AUD/USD: Upward trend in full swing as RBA strengthens Aussie's position

The Australian dollar continues to gain momentum against the U.S. currency, approaching the borders of the 68th figure. The AUD/USD pair demonstrated an upward trend throughout the past week, reacting to the results of the Reserve Bank of Australia's (RBA) May meeting. The regulator unexpectedly raised the interest rate by another 25 basis points after the April pause. At the same time, the central bank voiced fairly hawkish rhetoric, supporting the Australian currency.

Moreover, the upward trend of AUD/USD is due to the weakening of the greenback: the U.S. dollar index has returned to the area of the 100th figure, losing the positions gained last week. However, the Aussie is driving the pair's growth: the RBA's aggressive stance played a decisive role in determining the direction of the price movement.

Echo of the RBA's May meeting

After the announcement of the results of the RBA's May meeting, many journalists called the central bank's decision "shocking." In reality, this is not entirely true. The regulator indeed implemented the most hawkish of all the suggested scenarios, but many experts did not rule out such a course of events. The RBA hinted at this option during the April meeting, admitting the resumption of a hawkish course. Traders were apparently disoriented by the inflation growth in Australia, as per the latest data released. The report reflected a slowdown in the consumer price index, but the pace of decline leaves much to be desired. Therefore, this release could be interpreted differently: on the one hand, inflation is indeed decreasing; on the other hand, it is slower than desired.

In the end, the Australian regulator once again "went on the warpath": it not only raised the rate but also voiced unambiguous formulations, indicating a combative mood. In the accompanying statement, the central bank stated that board members remain determined to return inflation to the target level, as inflation at 7% is "still too high." At the same time, the central bank did not rule out further steps towards raising the rate: the final communique notes that further tightening "will depend on how the economy and inflation develop."

Last Friday, the RBA released its quarterly report, which examines the current economic conditions and forecasts for both the Australian and global economies in detail. This document also turned out to be on the side of the Aussie. In particular, the Reserve Bank pointed out that risks to inflation are "on the rise," given the low growth of labor productivity, rising energy prices, and a sharp increase in rental fees.

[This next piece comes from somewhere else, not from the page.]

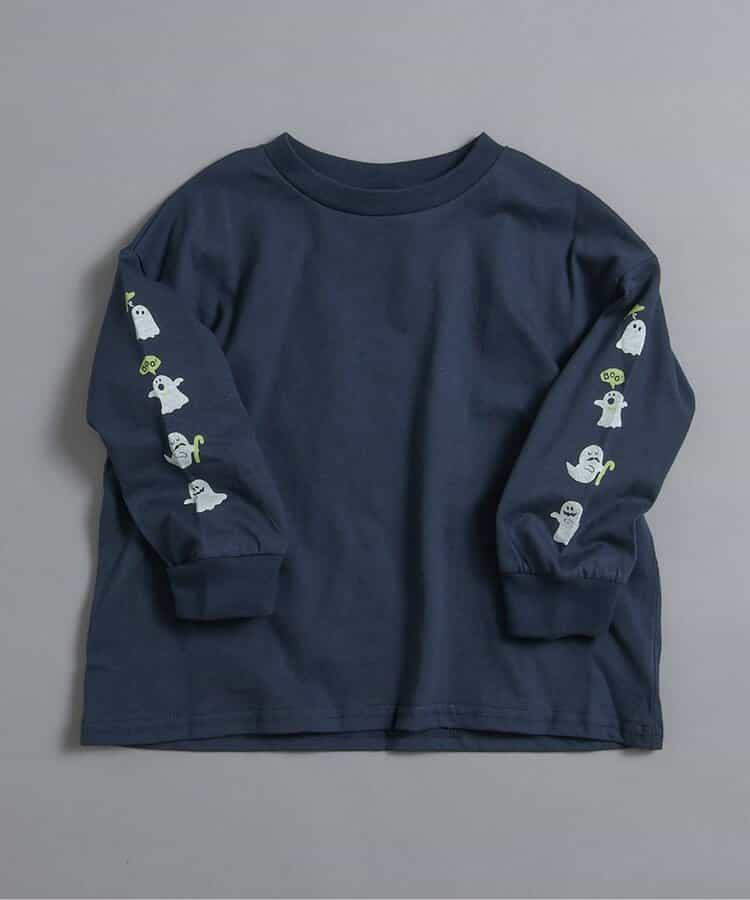 ★SALE★WEB限定  袖イロイロプリントTシャツ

All this suggests that the Australian regulator may raise the interest rate again at one of the following meetings if inflation indicators decline too slowly or get stuck at current levels (let alone an upward trend). This fundamental factor provides significant support to the Aussie.

Greenback in anticipation

The U.S. currency, in turn, is awaiting the publication of key reports this week. On Wednesday, the U.S. will release the April Consumer Price Index; on Thursday, the Producer Price Index; and on Friday, the Import Price Index. If these indicators show a downward trend (with particular attention to the core CPI), the greenback will be under additional pressure. In anticipation of the main releases of the week, the U.S. dollar is likely to react to the strengthening/weakening of risk aversion in the market amid another "swing" in the U.S. banking system.

Meanwhile, the Aussie is awaiting data on retail sales in Australia, which will be published during the Asian session on Tuesday. In addition, AUD/USD traders will closely monitor China's trade balance data.

From a technical point of view, the pair is in the Kumo cloud on the daily chart, testing the upper Bollinger Bands line, which corresponds to the 0.6790 level. On the four-hour chart, the Ichimoku indicator formed a bullish signal, indicating the priority of an upward movement. The resistance level on this timeframe is also 0.6790 (the upper Bollinger Bands line on H4).

Conclusions

In my opinion, the AUD/USD pair has not exhausted its upward potential, primarily due to the divergence of the Fed and RBA rates. The Reserve Bank of Australia raised the rate contrary to opposite expectations and demonstrated a hawkish mood. The Federal Reserve also raised the rate by 25 basis points but made it clear that this is the last rate hike in the current tightening cycle—further steps in this direction are only possible if inflation in the U.S. starts to pick up again. That is why the upcoming inflation releases are so important for dollar pairs, and the AUD/USD pair is no exception.

Long positions on the pair should be considered after buyers break through the mentioned resistance level of 0.6790. In this case, the next target of the upward trend will be 0.6900, the upper border of the Kumo cloud on the weekly chart.